Abstract
In a cluttered scene, it may be difficult to fully segment an object using only bottom-up cues. In such cases we may segment the object by first detecting one of its salient, distinctive parts and then using this part to predict the location and orientation of other object parts. For a rigid object, the predictive power of the salient part should depend on its symmetry. For example, a sphere which has infinite rotational symmetry (and so looks the same from all viewpoints) should have less predictive power than a cone.
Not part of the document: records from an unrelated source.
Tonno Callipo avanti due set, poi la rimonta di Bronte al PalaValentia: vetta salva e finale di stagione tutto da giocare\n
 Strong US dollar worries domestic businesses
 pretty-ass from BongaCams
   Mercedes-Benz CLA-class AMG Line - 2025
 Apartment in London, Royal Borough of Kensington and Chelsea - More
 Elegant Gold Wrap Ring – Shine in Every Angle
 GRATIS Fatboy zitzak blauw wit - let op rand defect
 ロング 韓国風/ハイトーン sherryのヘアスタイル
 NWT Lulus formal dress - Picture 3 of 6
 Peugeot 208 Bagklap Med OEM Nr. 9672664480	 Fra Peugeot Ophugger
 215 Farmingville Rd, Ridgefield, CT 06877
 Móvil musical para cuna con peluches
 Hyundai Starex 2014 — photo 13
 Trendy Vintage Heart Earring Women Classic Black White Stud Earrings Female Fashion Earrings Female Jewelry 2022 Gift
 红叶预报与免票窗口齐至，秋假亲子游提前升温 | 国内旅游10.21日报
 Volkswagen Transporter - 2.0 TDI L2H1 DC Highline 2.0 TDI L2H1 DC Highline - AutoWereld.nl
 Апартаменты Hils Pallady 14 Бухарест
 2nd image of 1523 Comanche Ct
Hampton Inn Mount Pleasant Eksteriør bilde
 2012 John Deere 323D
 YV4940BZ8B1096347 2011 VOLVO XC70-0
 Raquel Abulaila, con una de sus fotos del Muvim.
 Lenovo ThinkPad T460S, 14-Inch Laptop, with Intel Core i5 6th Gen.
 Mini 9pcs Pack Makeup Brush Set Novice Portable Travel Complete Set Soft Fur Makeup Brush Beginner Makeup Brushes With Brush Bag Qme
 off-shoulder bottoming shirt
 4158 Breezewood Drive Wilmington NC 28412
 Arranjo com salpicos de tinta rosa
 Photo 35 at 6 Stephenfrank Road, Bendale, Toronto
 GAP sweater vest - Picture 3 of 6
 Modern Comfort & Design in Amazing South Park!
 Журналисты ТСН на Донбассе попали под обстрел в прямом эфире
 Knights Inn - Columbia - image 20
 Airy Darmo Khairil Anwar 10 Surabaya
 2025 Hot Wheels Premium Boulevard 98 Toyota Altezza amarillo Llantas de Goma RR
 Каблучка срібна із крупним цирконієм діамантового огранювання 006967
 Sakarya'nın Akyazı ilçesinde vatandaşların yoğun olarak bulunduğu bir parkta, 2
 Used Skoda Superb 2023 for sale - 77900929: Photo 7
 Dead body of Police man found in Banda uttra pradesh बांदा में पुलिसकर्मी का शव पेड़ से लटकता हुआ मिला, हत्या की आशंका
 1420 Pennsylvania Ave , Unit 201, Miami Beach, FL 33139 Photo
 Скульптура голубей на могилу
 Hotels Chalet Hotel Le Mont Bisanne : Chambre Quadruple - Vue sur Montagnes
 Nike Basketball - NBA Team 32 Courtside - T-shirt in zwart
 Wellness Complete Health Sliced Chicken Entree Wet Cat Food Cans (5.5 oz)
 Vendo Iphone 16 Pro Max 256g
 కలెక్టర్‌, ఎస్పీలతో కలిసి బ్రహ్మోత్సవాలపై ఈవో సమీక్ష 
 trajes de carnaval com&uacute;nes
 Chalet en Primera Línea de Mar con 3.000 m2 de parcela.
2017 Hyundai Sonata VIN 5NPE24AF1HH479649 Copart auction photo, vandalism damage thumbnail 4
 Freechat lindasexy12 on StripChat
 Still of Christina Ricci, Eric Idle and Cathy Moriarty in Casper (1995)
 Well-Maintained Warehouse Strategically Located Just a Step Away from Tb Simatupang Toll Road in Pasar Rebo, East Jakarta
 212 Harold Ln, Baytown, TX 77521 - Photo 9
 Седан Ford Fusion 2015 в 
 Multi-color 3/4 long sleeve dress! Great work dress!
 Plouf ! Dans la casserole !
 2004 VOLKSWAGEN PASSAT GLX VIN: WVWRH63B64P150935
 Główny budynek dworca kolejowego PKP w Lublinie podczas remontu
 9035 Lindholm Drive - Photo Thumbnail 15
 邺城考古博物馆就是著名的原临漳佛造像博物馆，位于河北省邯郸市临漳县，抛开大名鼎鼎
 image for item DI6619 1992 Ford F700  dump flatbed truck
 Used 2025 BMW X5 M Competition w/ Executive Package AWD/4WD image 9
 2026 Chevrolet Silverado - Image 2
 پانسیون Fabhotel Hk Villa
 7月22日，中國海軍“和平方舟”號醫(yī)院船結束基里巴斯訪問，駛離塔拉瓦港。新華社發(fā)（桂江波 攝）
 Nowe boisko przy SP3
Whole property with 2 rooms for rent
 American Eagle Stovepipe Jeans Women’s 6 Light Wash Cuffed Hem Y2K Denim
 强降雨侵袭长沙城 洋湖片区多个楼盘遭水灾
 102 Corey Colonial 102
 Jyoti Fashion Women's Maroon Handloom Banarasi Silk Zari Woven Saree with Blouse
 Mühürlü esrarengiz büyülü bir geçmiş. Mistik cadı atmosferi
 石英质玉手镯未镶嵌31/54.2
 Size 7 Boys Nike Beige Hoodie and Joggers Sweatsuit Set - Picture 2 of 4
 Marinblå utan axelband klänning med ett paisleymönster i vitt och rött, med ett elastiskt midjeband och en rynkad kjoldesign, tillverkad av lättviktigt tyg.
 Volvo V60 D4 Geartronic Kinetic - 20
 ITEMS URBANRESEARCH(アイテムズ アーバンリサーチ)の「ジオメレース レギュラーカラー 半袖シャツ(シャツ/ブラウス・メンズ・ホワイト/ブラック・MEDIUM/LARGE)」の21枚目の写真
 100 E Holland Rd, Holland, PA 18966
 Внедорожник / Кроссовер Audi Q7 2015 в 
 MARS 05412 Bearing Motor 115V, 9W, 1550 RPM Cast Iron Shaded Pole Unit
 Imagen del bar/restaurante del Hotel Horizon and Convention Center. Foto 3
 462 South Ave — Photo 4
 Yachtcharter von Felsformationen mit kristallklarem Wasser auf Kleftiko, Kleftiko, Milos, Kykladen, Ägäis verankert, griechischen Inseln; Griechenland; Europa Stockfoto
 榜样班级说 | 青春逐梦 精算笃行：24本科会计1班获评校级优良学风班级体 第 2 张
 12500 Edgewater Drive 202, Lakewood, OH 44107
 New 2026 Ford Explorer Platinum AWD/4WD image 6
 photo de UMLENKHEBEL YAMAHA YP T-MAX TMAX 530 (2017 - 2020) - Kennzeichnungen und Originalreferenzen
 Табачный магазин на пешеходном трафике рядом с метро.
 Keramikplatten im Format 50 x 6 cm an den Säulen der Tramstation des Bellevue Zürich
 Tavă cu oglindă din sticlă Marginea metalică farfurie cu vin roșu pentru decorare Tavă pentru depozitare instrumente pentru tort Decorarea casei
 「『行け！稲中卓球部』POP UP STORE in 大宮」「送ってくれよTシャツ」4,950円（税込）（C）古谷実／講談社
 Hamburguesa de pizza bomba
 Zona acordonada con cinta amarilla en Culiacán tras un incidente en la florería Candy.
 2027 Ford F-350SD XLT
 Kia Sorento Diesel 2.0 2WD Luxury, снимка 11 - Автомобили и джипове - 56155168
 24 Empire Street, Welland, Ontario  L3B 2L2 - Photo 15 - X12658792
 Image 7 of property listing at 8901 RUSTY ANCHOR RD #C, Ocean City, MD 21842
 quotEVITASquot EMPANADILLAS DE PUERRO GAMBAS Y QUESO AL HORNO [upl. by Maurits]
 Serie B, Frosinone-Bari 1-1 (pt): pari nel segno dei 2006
To test this idea we constructed computer-generated, rigid objects composed of two pieces: a “handle” (a simple geometric shape) and a “tool” (two connected cylinders). In each scene, an object was presented at a random orientation amongst clutter composed of cylinders resembling the tool. A small black or white ring was placed around one of the tool's cylinders at a location that varied across trials. Similar rings were also placed on the clutter. The observer's task was to report the color of the ring located on the tool. Because the tool was camouflaged against the background of clutter, response times were expected to depend on the degree to which the salient handle could be used to predict the tool's location and orientation in the clutter. That is, response times were expected to depend on the symmetry of the handle.
The results supported this idea: response times increased monotonically as the symmetry of the handle increased from 0-fold to 2-fold to 4-fold. Response times for handles with infinite symmetry, however, were no longer than those with 4-fold symmetry.
We conclude that observers can use a salient part to predict the location and orientation of the rest of an object. The predictive power of these salient parts depends, up to a limit, on their symmetry.